The @NTT framework accelerates post-quantum cryptography (PQC) algorithms by addressing the computational bottleneck of the Number Theoretic Transform (NTT) through design-time constant optimization and a fully pipelined architecture.
Specifically, @NTT employs the following strategies to enhance performance and efficiency:
Since the ring parameters (such as the coefficient modulus Q and polynomial degree N−1) for standardized PQC algorithms like Kyber and Dilithium are fixed, @NTT treats these values as synthesis-time constants rather than storing them in registers or memory.
This approach eliminates the need for complex memory access patterns and data movement logic traditionally used to retrieve twiddle factors.
Multipliers are the most resource-intensive components of an NTT butterfly unit.
@NTT optimizes these by:
-
Decomposing constant multiplications
The framework replaces traditional multipliers with a minimal set of shifts and adders/subtractors. -
RTL Generation
It generates optimized RTL code specifically for the target algorithm, achieving significantly better area and performance results than general-purpose industry-standard synthesis tools. -
Merging Twiddle Factors
Twiddle factors are directly merged into the design logic, saving both power and area by eliminating dedicated hardware for twiddle factor generation or storage.

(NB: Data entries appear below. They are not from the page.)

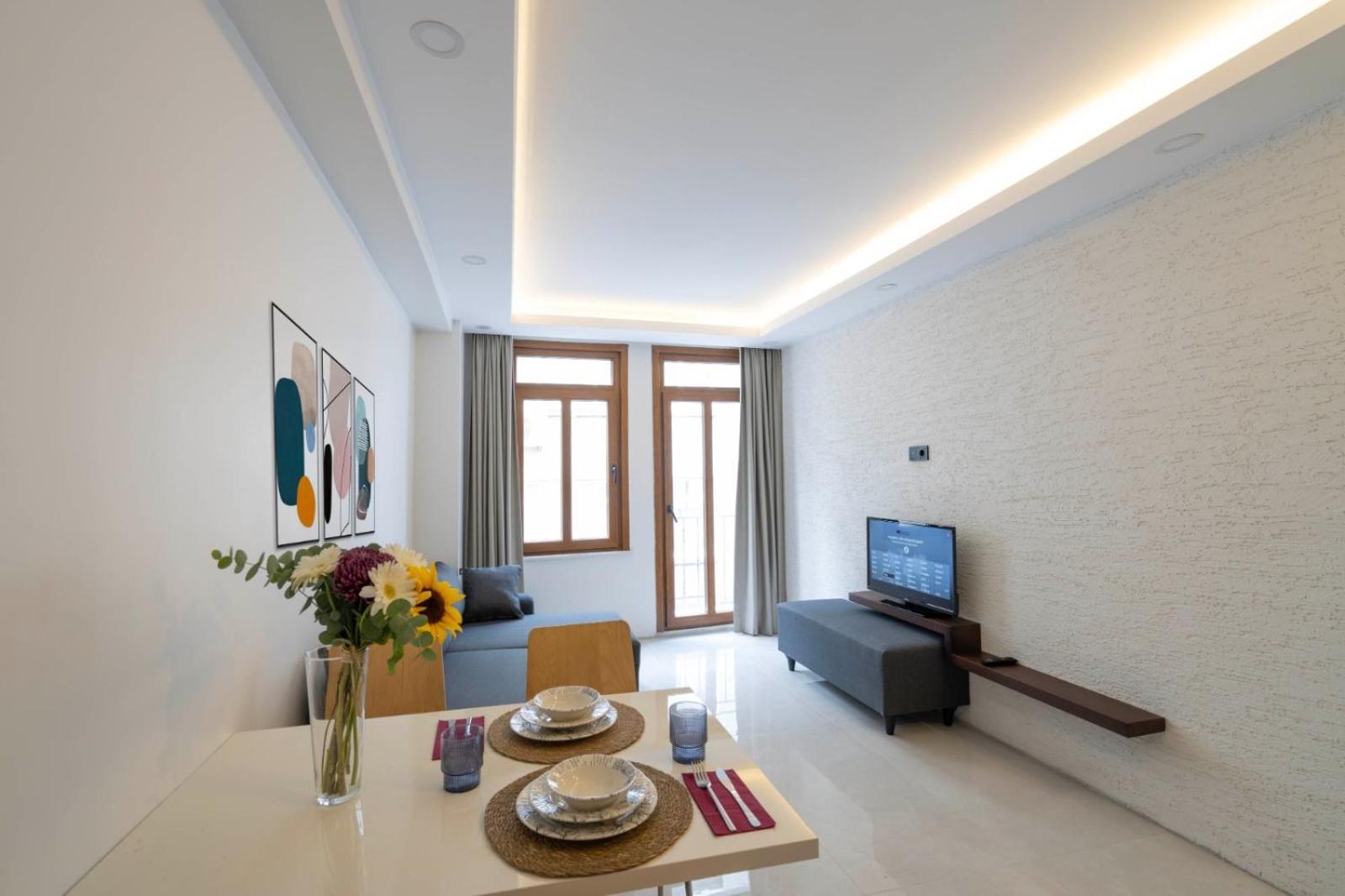 Arach Hotel Harbiye Istanbul Exterior foto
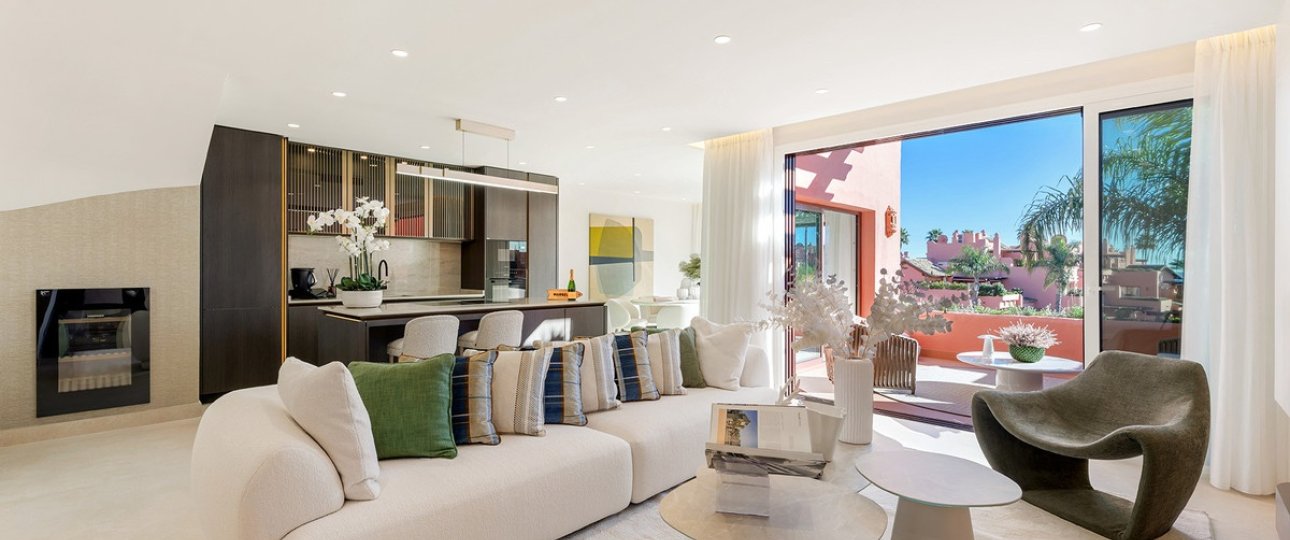 Rynek wtórny - apartment - Estepona - Estepona Centro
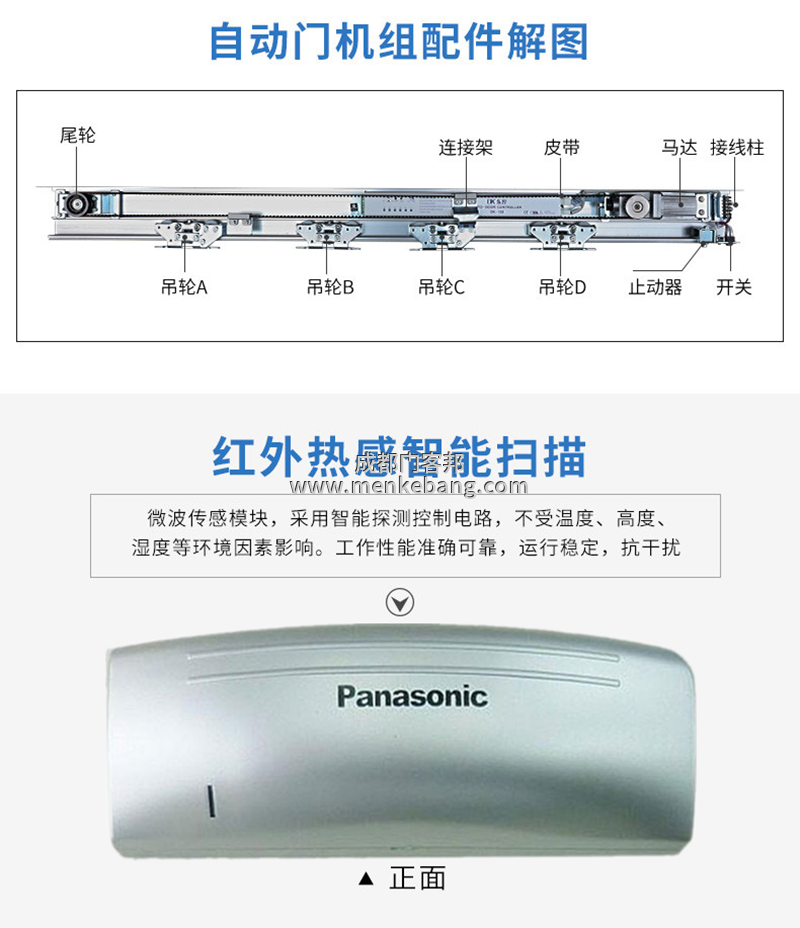 成都松下150自動(dòng)門(mén)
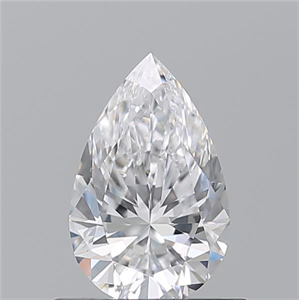 Picture of Natural Diamond 0.70 Carats, Pear with  Cut, D Color, VS1 Clarity and Certified by GIA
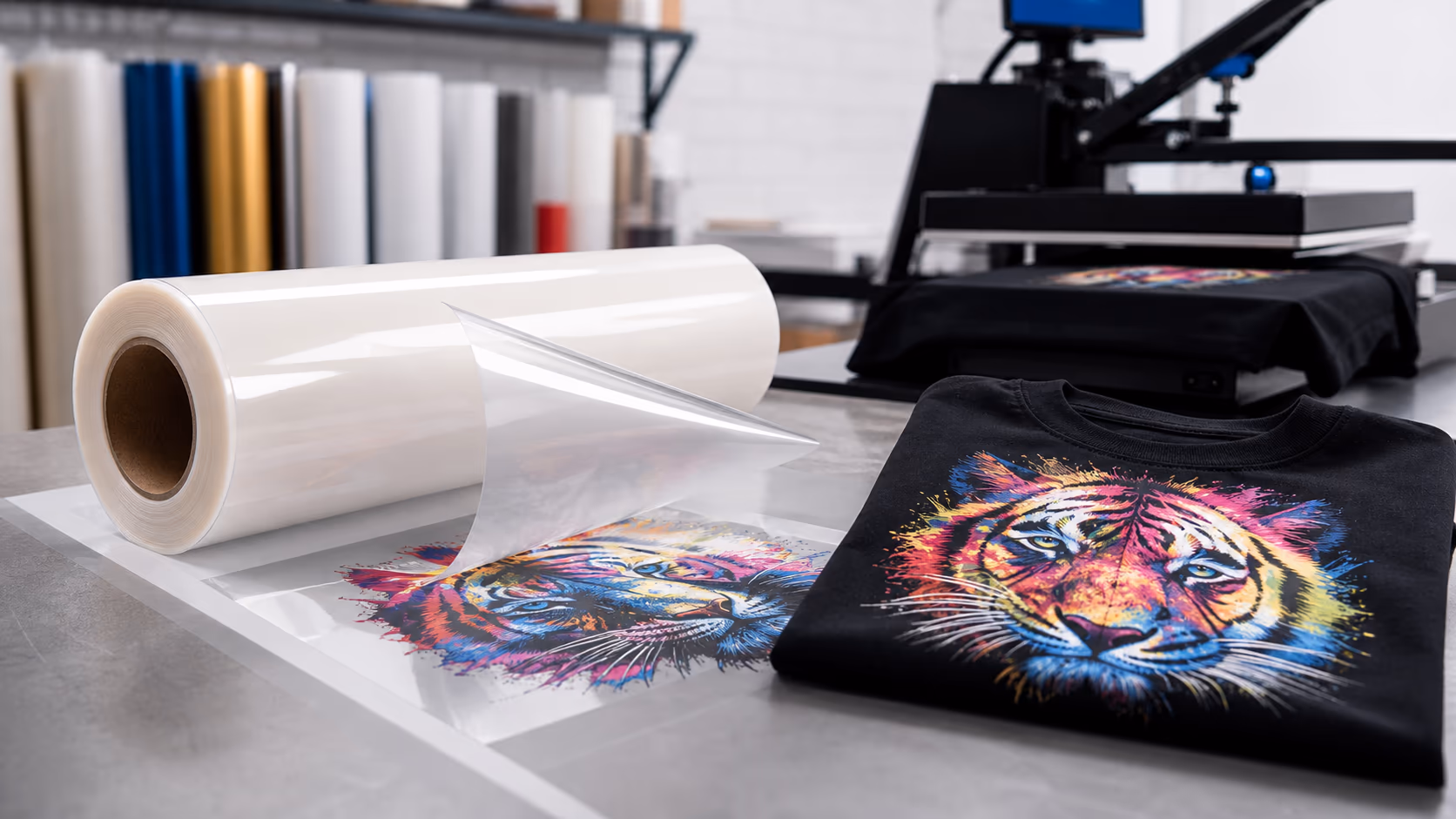 How long does DTF Warm peel last? DTF Transfer Film Roll Supplier, DTF Digital Transfer Sticker Factory, china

To maximize performance, @NTT uses a deeply pipelined architecture that implements every NTT stage in hardware.
This allows the design to achieve the maximum possible throughput of one N-point NTT per clock cycle.

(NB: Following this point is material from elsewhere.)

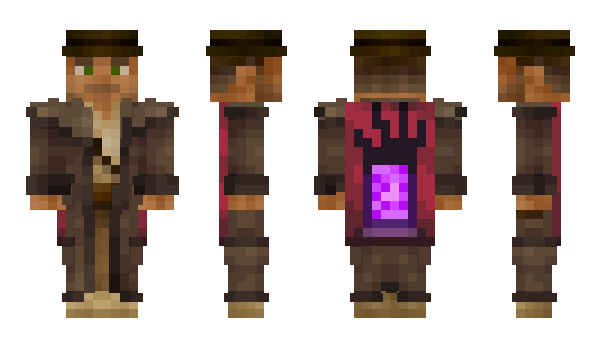 Minecraft skin SnekkerMorten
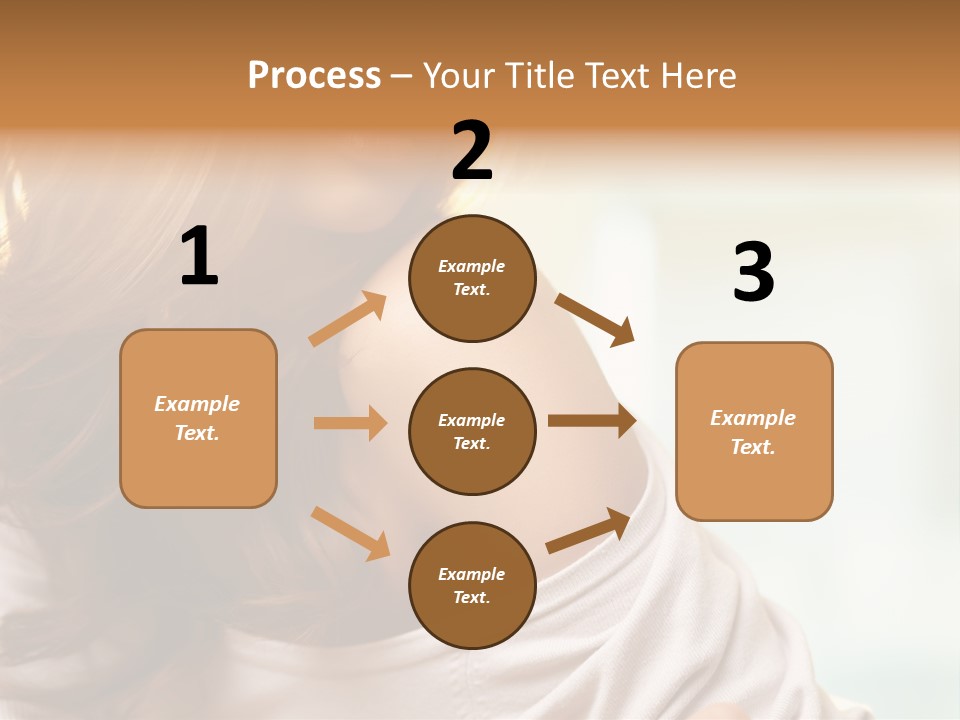 Hair Lifestyle Posh PowerPoint Template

The framework specifically targets standardized lattice-based algorithms where NTT accounts for the majority of execution time.

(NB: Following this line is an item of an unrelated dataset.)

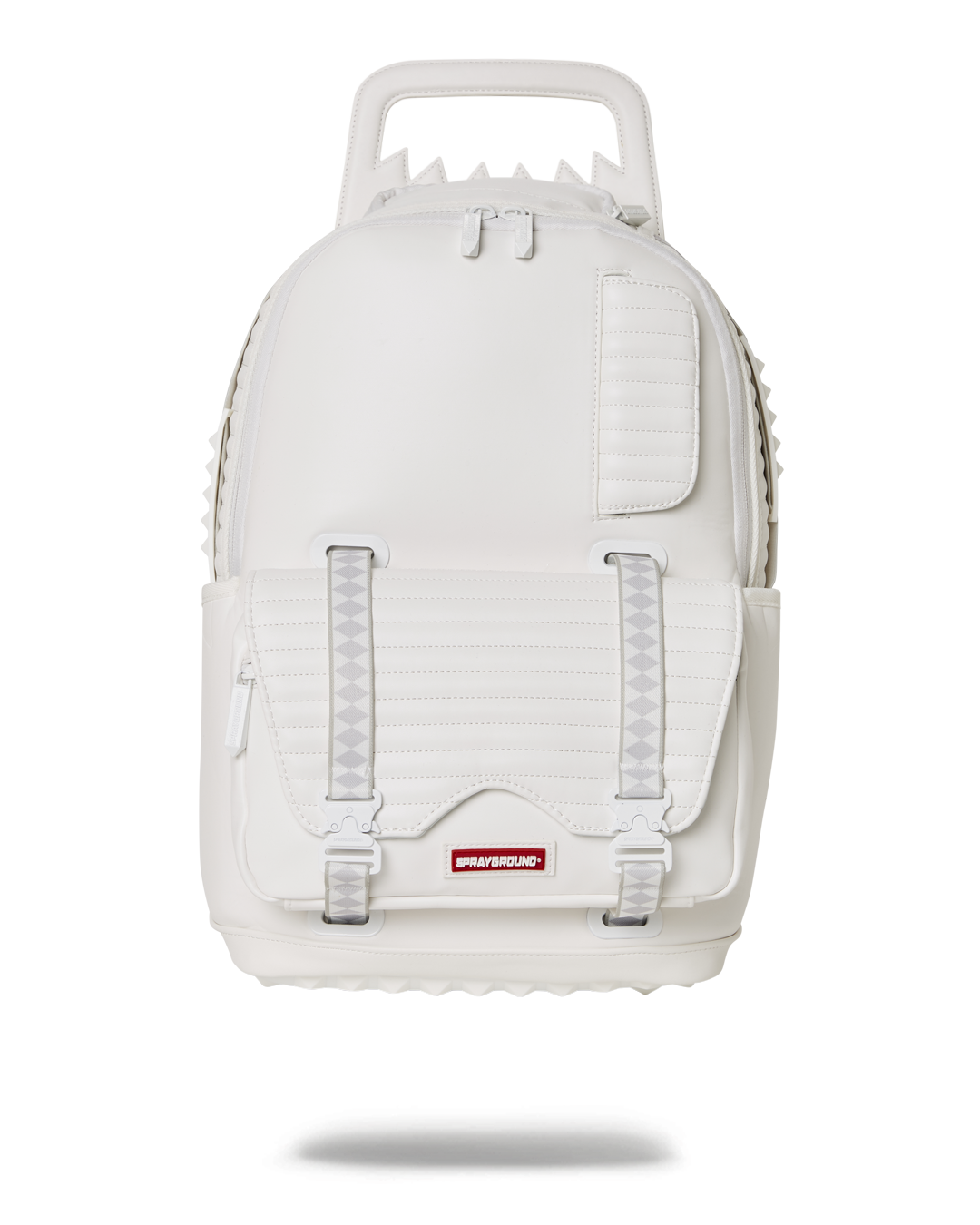 Briggs & Riley Luxury Travel Cargo Backpack - front view with multiple pockets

- On FPGA, @NTT reduces LUT usage by approximately 28%
- Improves frequency
- Achieves a throughput-per-LUT efficiency 8.5× higher than state-of-the-art implementations
- Delivers a throughput-per-LUT efficiency 5.2× higher than existing solutions
- Produces up to 305,000 NTT/ms on FPGA
- In ASIC implementations (TSMC 28nm), the design can deliver one N-point NTT every nanosecond
By optimizing the arithmetic units and the overall data flow at the design stage, @NTT creates highly compact and efficient hardware that fits more processing elements into a smaller area compared to traditional non-optimized designs.